28.10.2018, Hessen, Lich: Thorsten Schäfer-Gümbel, Spitzenkandidat der SPD, und seine Ehefrau Annette Gümbel geben im Wahllokal im Bauhof von Lich ihre Stimmen ab. Foto: Arne Dedert/dpa

Erstmals im hessischen Landtag vertreten ist die rechtspopulistische AfD, die 13,1 bis 13,2 Prozent verbuchte (4,1). Sie sitzt nun in allen 16 deutschen Landesparlamenten.

Die Liberalen (FDP) kamen auf 7,7 Prozent (5,0). Die Linke holte 6,2 bis 6,4 Prozent (5,2) und liegt damit ebenfalls deutlich über der Fünf-Prozent-Hürde für den Einzug ins Parlament.

Nach Berechnungen der Sender erhielte die CDU 35 bis 36 Landtagssitze, die SPD 26, die Grünen 25 bis 26. Die AfD hätte 17 Mandate, die FDP 10 und die Linke 8 bis 9.

Laut ARD-Berechnungen hätte Schwarz-Grün mit 60 von 121 Sitzen die Mehrheit verloren, laut ZDF fehlt ihnen mit 62 von 124 Sitzen ebenfalls ein Mandat. Die Sitzverteilung und die endgültige Größe des Parlaments können sich wegen des komplizierten Wahlsystems mit Erst- und Zweitstimmen im Verlauf der Auszählung noch ändern.

28.10.2018, Berlin: Michael Kellner (Bündnis 90/Die Grünen, l-r), Nicola Beer (FDP), Markus Blume (CSU), Annegret Kramp-Karrenbauer (CDU), Journalist Elmar Theveßen, Lars Klingbeil (SPD), Jörg Schindler (Die Linke) und Bernd Baumann (AFD) sitzen nach der Landtagswahl in Hessen in der ZDF-Sendung „Die Berliner Runde“. Foto: Claudius Pflug/ZDF/dpa

Denkbar wäre nun eine „Jamaika“-Koalition aus CDU, Grünen und FDP, wie sie in Schleswig-Holstein existiert. Laut ARD hätte auch ein schwarz-rotes Bündnis aus CDU und SPD eine Mehrheit oder eine „Ampel“ (SPD, FDP, Grüne).

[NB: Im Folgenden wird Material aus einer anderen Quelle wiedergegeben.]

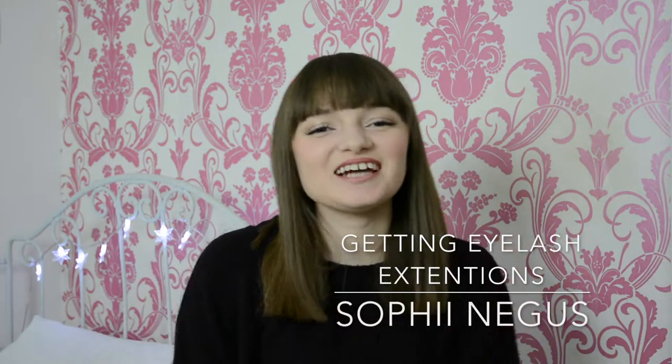Hello everybody, welcome back to my channel. Today's video is going to be something just a little bit different to what I usually do. I recently got eyelash extensions literally just a couple days ago, so I thought it might be quite cool if I talked you through the process — why I got them, where, how long it took, etc. I really hope you enjoy this video. Please let me know in the comments below if this is something you'd like to see more of — it's going to be definitely just a lot more of just me talking at you.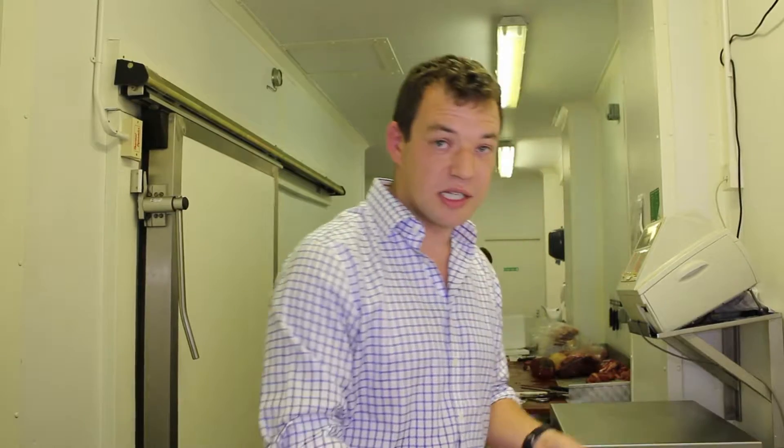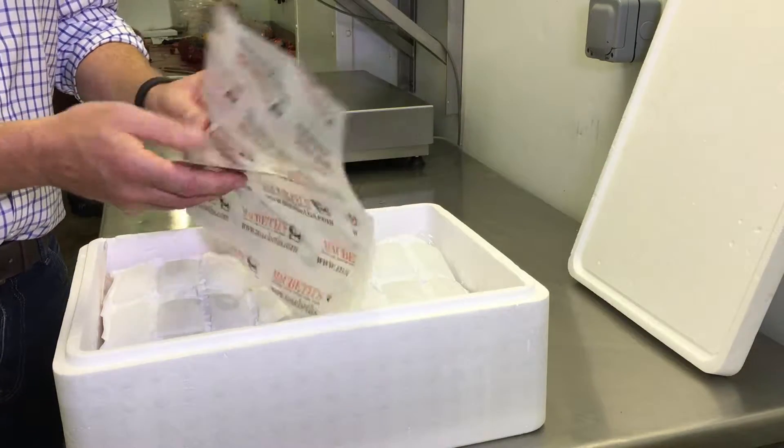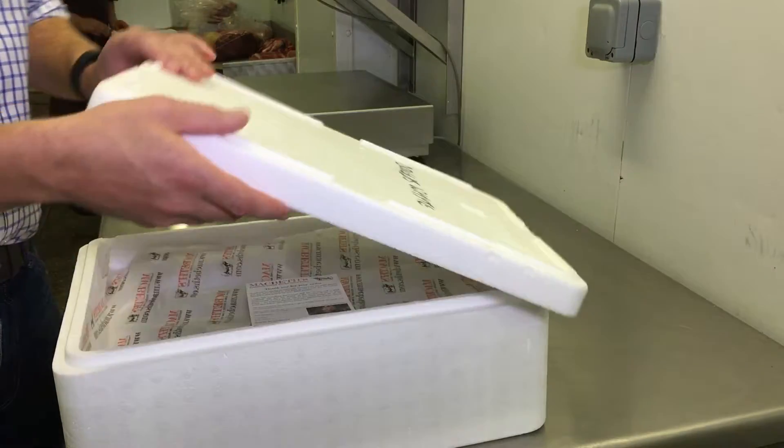The packaging is designed to last for 48 hours in transit, but we dispatch and deliver within 24 hours. This box will leave us today at lunchtime and it will be with the customer tomorrow morning.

Bouffier sieht im Ergebnis der Landtagswahl einen «Weckruf» für Berlin. „Die Botschaft, die man von Hessen natürlich nach Berlin geben kann und muss: Die Menschen möchten weniger Streit, sie möchten sachorientierte Arbeit“, sagte Bouffier am Sonntagabend im Hessischen Rundfunk.

Schäfer-Gümbel ließ offen, ob er persönliche Konsequenzen aus der historischen Wahlniederlage ziehen wird. „Der heutige Abend ist bitter für die hessische SPD und er ist es auch für mich persönlich“, sagte er. Auch SPD-Chefin Andrea Nahles zeigte sich bestürzt. „Zu den Verlusten der SPD in Hessen hat die Bundespolitik erheblich beigetragen“, sagte sie in Berlin. Die Koalition in Berlin müsse nun einen klaren, verbindlichen Fahrplan für eine Politik im Interesse der Bürgerinnen und Bürger vorlegen, fügte Nahles hinzu. (dpa)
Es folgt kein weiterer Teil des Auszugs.